In his sophomore season, Indiana guard Jordan Hulls, the 2009 Indiana Mr. Basketball from Bloomington South, emerged as a full-time starter and became much more of a scorer and a more integral part of the offense. On a full-season basis (here is his Yahoo page, with game log), Hulls nearly doubled his scoring (6.4 to 11.1), dramatically increased his number of shots per game (5 to 8), and held steady on three point shooting (40 to 41, a modest increase). Hulls nearly doubled his assists per game (1.5 to 2.9) with only a modest increase in turnovers (.6 to .9 per game). His excellent free throw shooting got even better, going from 80 to 91 percent.
As with Christian Watford, however, the grind of the Big Ten season seems to have had an effect on Hulls, and the apples-to-apples comparison of his freshman and sophomore seasons in Big Ten play. Here is his StatSheet page with Big Ten stats only. First, Hulls playing time and role in the offense (possessions used increased from 13 percent to 19 percent) increased. Early in the season, when Hulls was plugging a long at greater than 50 percent shooting from three point range, the constant cry from here and other quarters was that Hulls needed to shoot more. Obviously, Tom Crean and Hulls saw that as well, and Hulls was more aggressive as the season transpired. As would have been expected, Hulls's percentages dipped, but the extent of the drop made his season a bit more of a mixed bag than it could have been.

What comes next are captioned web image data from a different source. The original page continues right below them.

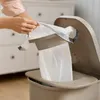 Rotho Babydesign Windeleimer KAYO (Bär)IML Bear Minimalist Produktbild-Vorschau 7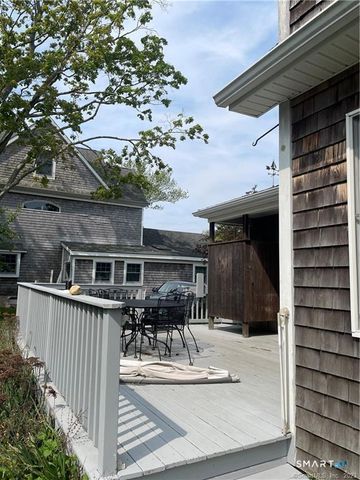 151 Chapman Beach Road, Westbrook, CT 06498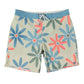 Billabong Men's Good Times Boardshort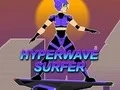 Spil Hyperwave Surfer online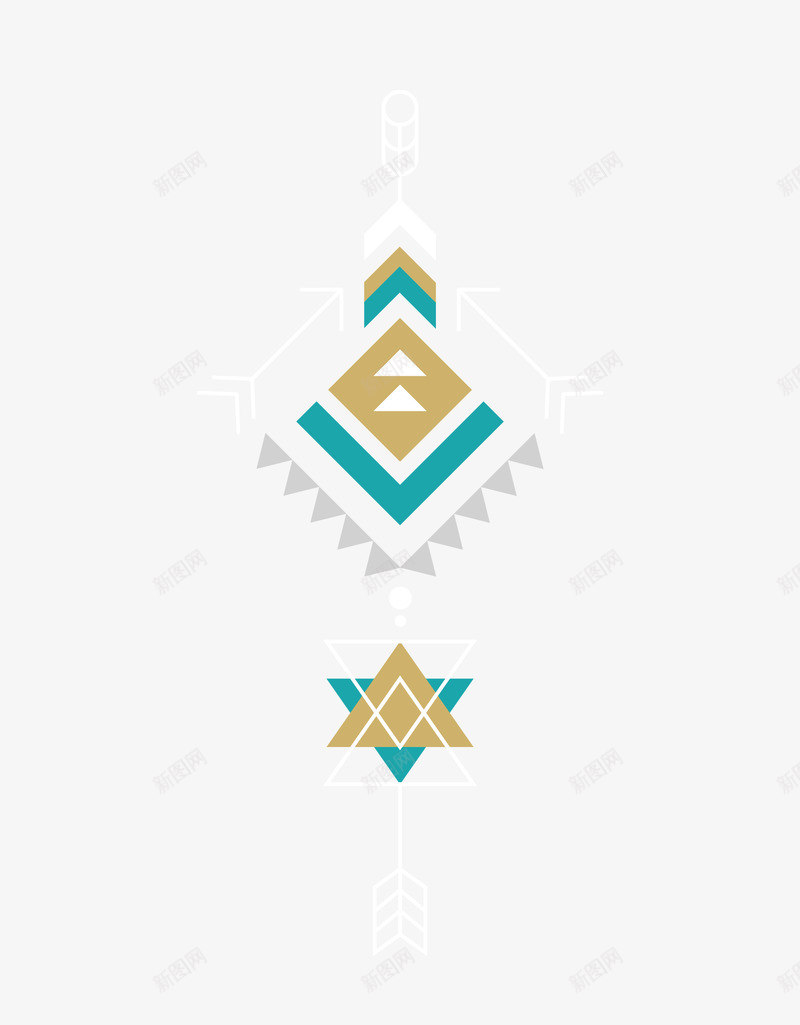 古老复古神秘几何LOGO图标图案AI矢量44古老复png免抠素材_88icon https://88icon.com 古老 复古 神秘 几何 LOGO 图标 图案 AI 矢量
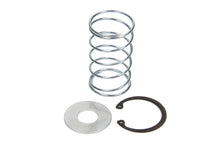 Load image into Gallery viewer, Ti22 PERFORMANCE 4731 Washer/Retaining Ring /Spring for 4730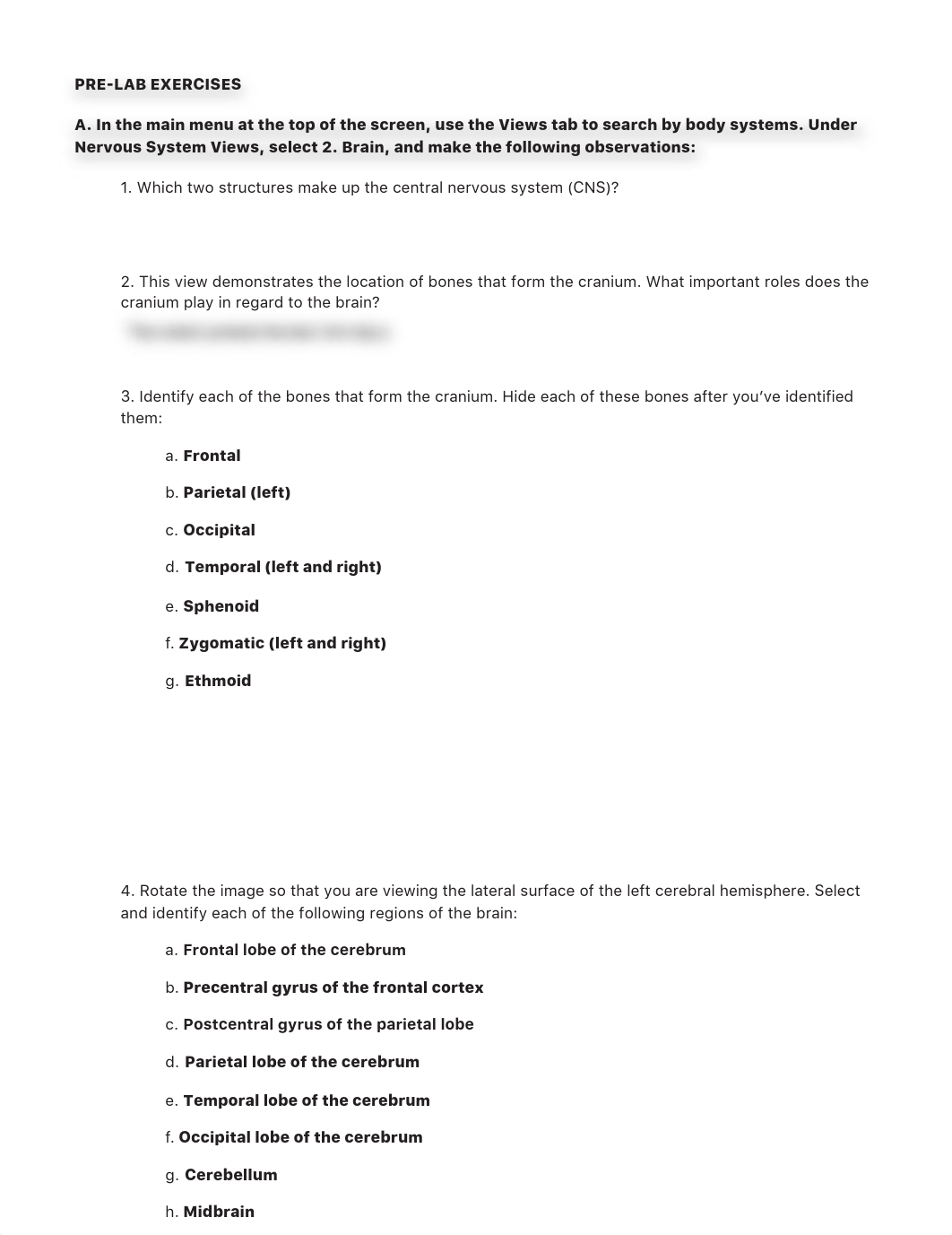 lab manual_cranial nerves_atlas_part_1.pdf_degaps9za8t_page3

First, it is obvious that Hulls became more comfortable taking the ball inside and trying to create his own shot. In his freshman season, 85 of Hulls's 113 Big Ten field goal attempts were three pointers. In 2011, Hulls held close to steady in number of three point attempts, but he had 177 field goal attempts overall, meaning just over half of his attempts were from inside the arc. (Also, while most IU fans heard all about this as the season transpired, he was 35-35 from the line in Big Ten play this season, which is incredible). He improved his two point shooting percentage from 45 to 54 percent. Unfortunately, despite what felt for most of the season like a year of great progress for Hulls was dampened statistically by a late-season shooting slump. Hulls actually declined pretty significantly in his three point shooting percentage in Big Ten play, from 38.8 to 34.9. His last really impressive three point shooting game was the game that in many respects ended it all for the 2011 Hoosiers, the come-from-ahead home loss to Iowa. At that point, Hulls was 22-53 from behind the arc, about 41.5 percent, but he shot only 7-30 from deep in IU's final seven regular season games. Still, considering the increased share of the offense shouldered by Hulls, his sophomore season has to be considered progress.
IU fans justifiably are excited about the arrival of Cody Zeller and Austin Etherington, but neither will provide Hulls any help at the point. Hulls is a reliable ballhandler and a great shooter. The big question mark, of course, is whether Hulls can be a productive ball handler. Will he develop the strength to continue taking the ball inside to create his own shot? Can he become more of a distributor, and improve his number of assists and his ability to get to the line? It will be fun to see Hulls as a senior with a true point guard, Yogi Ferrell, but absent a late 2011 addition, improvement at the position in 2011-2012 will have to come from Hulls himself. Given his improvement from year one to year two, I think that is a realistic possibility.